• Records from a data source:

◇ ◇ ◇ ◇ ◇

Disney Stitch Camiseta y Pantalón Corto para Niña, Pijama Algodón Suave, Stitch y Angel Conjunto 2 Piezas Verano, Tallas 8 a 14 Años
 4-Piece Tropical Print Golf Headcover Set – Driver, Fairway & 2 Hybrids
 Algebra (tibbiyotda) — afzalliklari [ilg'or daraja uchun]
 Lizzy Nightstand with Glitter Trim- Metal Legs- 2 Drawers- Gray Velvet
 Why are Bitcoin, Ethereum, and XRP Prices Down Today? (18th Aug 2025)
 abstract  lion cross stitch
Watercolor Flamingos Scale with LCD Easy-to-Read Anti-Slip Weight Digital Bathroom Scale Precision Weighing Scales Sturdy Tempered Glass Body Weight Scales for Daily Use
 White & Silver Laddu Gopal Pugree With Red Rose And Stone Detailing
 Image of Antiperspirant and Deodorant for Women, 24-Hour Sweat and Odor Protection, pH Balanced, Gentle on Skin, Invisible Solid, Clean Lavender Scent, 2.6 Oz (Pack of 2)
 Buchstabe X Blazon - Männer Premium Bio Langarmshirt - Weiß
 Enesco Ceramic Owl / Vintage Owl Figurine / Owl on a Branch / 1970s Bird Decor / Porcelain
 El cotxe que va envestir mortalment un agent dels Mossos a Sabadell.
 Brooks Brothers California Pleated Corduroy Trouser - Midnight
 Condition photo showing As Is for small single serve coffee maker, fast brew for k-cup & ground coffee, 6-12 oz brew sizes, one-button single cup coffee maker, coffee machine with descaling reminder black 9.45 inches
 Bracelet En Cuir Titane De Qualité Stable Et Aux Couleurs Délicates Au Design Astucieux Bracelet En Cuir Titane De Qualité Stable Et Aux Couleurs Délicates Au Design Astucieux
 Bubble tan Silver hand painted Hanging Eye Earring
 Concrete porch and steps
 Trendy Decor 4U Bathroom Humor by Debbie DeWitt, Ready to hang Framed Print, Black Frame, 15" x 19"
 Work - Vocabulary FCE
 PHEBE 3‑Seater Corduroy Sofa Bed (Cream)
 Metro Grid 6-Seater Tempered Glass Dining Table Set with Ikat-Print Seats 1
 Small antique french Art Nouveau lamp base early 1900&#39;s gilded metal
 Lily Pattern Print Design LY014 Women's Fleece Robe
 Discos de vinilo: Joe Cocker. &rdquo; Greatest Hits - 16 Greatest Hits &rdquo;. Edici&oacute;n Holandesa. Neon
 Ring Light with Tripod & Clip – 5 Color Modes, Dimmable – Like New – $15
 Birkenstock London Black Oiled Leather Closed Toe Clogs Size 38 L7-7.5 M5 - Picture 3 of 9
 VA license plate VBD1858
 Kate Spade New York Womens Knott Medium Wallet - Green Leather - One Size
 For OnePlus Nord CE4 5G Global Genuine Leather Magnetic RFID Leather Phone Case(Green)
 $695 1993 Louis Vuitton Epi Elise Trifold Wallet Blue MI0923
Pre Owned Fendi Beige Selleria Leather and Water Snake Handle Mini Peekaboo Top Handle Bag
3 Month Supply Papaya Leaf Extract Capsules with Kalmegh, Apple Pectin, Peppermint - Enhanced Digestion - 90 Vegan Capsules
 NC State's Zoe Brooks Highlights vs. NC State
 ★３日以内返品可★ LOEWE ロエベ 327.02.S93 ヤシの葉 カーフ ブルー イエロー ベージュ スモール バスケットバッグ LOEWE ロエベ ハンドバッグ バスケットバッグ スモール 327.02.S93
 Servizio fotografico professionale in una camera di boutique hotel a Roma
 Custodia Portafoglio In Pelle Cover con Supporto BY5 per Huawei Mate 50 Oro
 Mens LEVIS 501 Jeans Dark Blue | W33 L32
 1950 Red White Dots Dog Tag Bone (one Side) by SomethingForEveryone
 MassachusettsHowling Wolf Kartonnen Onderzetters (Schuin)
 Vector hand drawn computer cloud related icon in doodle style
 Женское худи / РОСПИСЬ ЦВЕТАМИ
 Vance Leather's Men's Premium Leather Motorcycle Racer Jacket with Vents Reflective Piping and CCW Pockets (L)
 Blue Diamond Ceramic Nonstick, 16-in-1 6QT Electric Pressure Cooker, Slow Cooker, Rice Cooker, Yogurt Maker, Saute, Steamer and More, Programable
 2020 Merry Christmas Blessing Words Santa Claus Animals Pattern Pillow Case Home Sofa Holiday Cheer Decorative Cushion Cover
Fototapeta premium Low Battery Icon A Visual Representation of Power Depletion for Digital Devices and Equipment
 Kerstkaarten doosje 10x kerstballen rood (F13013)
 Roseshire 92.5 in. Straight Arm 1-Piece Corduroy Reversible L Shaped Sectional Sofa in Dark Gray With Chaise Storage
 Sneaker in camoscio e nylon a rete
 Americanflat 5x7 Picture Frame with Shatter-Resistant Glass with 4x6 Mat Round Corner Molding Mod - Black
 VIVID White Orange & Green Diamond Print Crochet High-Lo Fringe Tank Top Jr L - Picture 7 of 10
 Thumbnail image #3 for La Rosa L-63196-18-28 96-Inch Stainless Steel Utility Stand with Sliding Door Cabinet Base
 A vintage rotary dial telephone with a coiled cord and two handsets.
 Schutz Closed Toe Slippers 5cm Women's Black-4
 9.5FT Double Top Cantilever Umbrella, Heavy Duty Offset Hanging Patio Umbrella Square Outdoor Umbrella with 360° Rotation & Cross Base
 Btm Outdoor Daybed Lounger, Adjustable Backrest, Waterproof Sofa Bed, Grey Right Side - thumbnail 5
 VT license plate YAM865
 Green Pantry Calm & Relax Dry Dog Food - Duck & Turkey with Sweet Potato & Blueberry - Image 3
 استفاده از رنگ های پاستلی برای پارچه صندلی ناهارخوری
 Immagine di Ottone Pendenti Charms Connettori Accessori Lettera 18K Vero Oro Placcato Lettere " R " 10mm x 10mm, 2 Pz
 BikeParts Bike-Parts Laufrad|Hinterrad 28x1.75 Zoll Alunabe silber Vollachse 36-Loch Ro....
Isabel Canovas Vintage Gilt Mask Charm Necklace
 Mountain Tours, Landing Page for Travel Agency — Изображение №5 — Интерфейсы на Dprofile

◇ ◇ ◇ ◇ ◇

• Requirement:
Consider the entries above and return each line with the string "Print".

• Answer for the task:
 4-Piece Tropical Print Golf Headcover Set – Driver, Fairway & 2 Hybrids
 Trendy Decor 4U Bathroom Humor by Debbie DeWitt, Ready to hang Framed Print, Black Frame, 15" x 19"
 Metro Grid 6-Seater Tempered Glass Dining Table Set with Ikat-Print Seats 1
 Lily Pattern Print Design LY014 Women's Fleece Robe
 VIVID White Orange & Green Diamond Print Crochet High-Lo Fringe Tank Top Jr L - Picture 7 of 10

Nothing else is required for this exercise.